§ HOW TO COMPLETE THIS TASK:
Only text belongs in your copy of the listing below; reproduce it exactly and leave out the pictures.

§ GIVEN DATA:
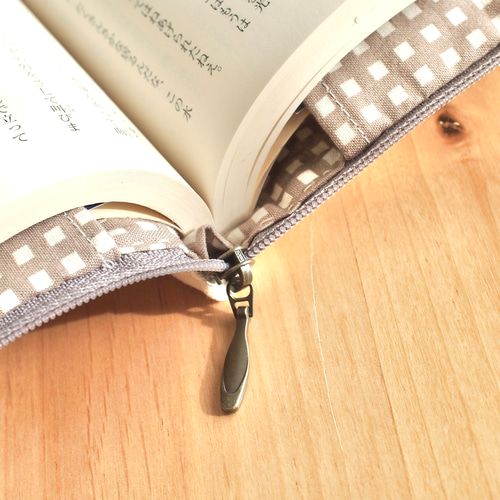 ブックポーチ◇小鳥と暮らしの雑貨（キナリ） ブックカバー こ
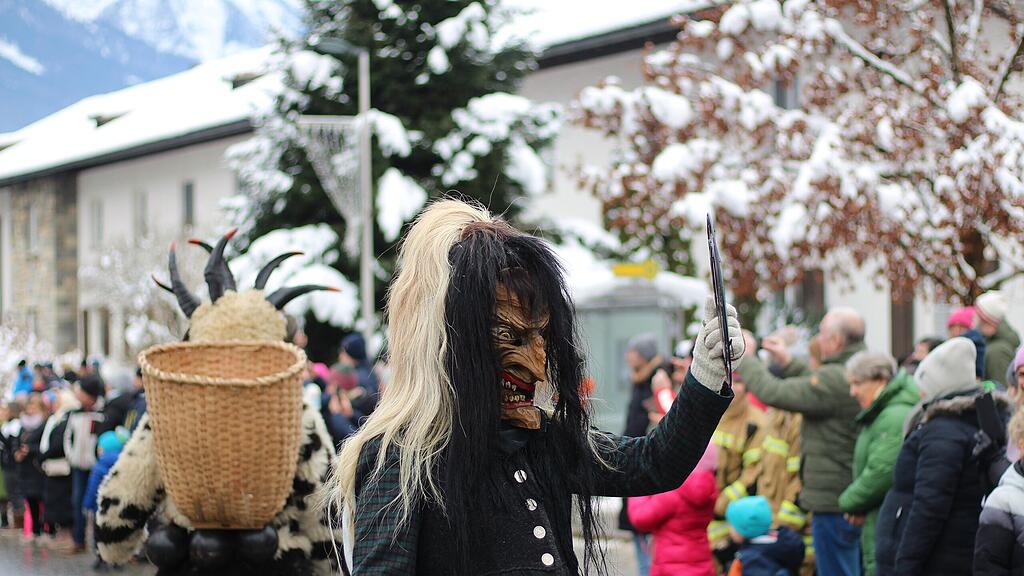 Großer Pongauer Perchtenlauf - St. Johann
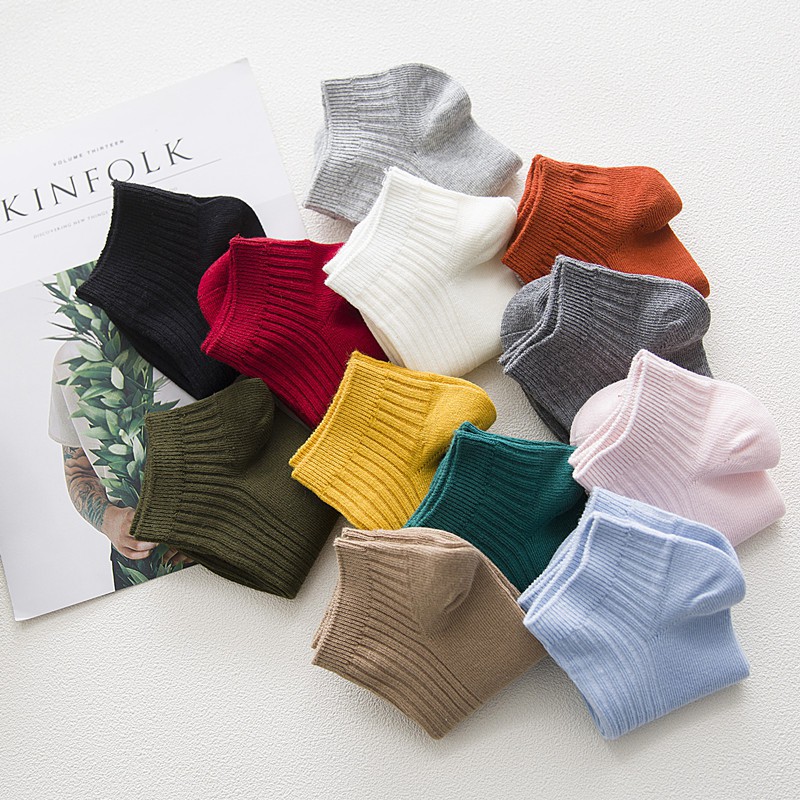 Vớ len có màu sắc xinh xắn kẻ sọc dọc 22237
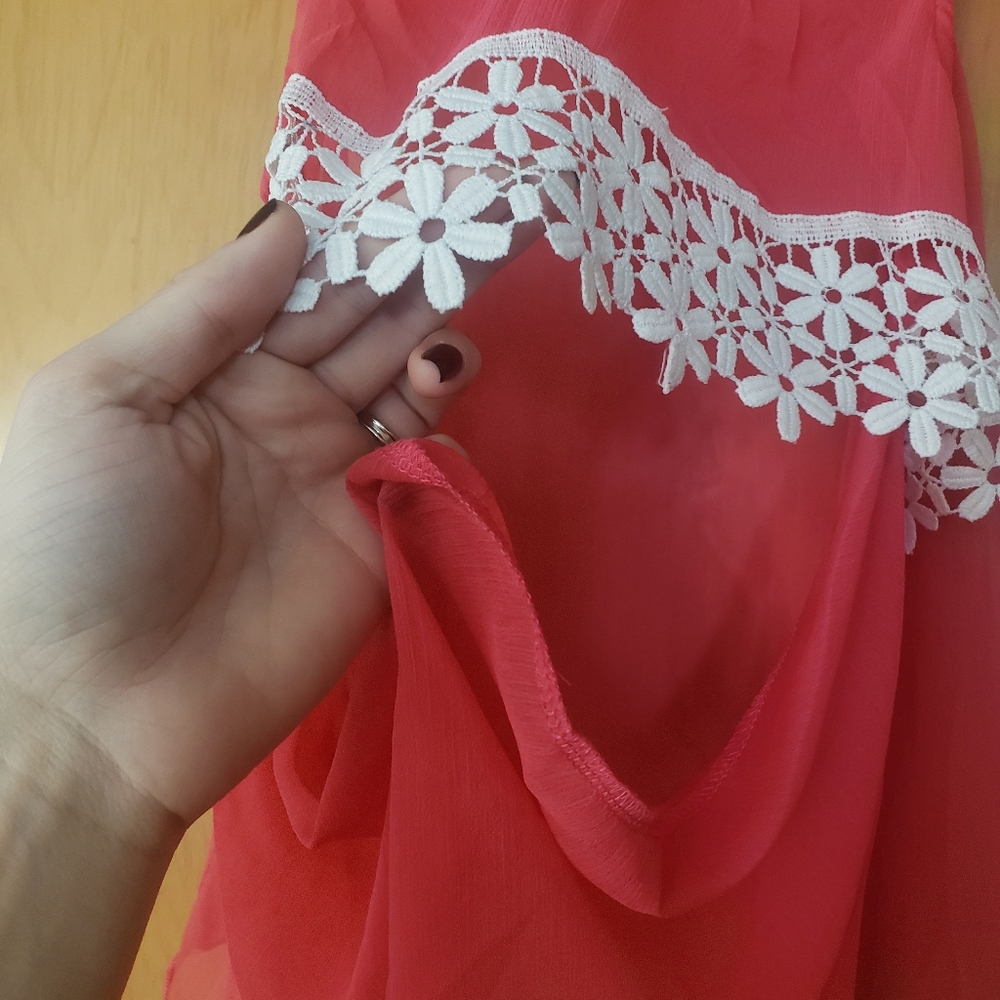 Open back blouse - Picture 3 of 3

§ EXPECTED ANSWER:
 ブックポーチ◇小鳥と暮らしの雑貨（キナリ） ブックカバー こ
 Großer Pongauer Perchtenlauf - St. Johann
 Vớ len có màu sắc xinh xắn kẻ sọc dọc 22237
 Open back blouse - Picture 3 of 3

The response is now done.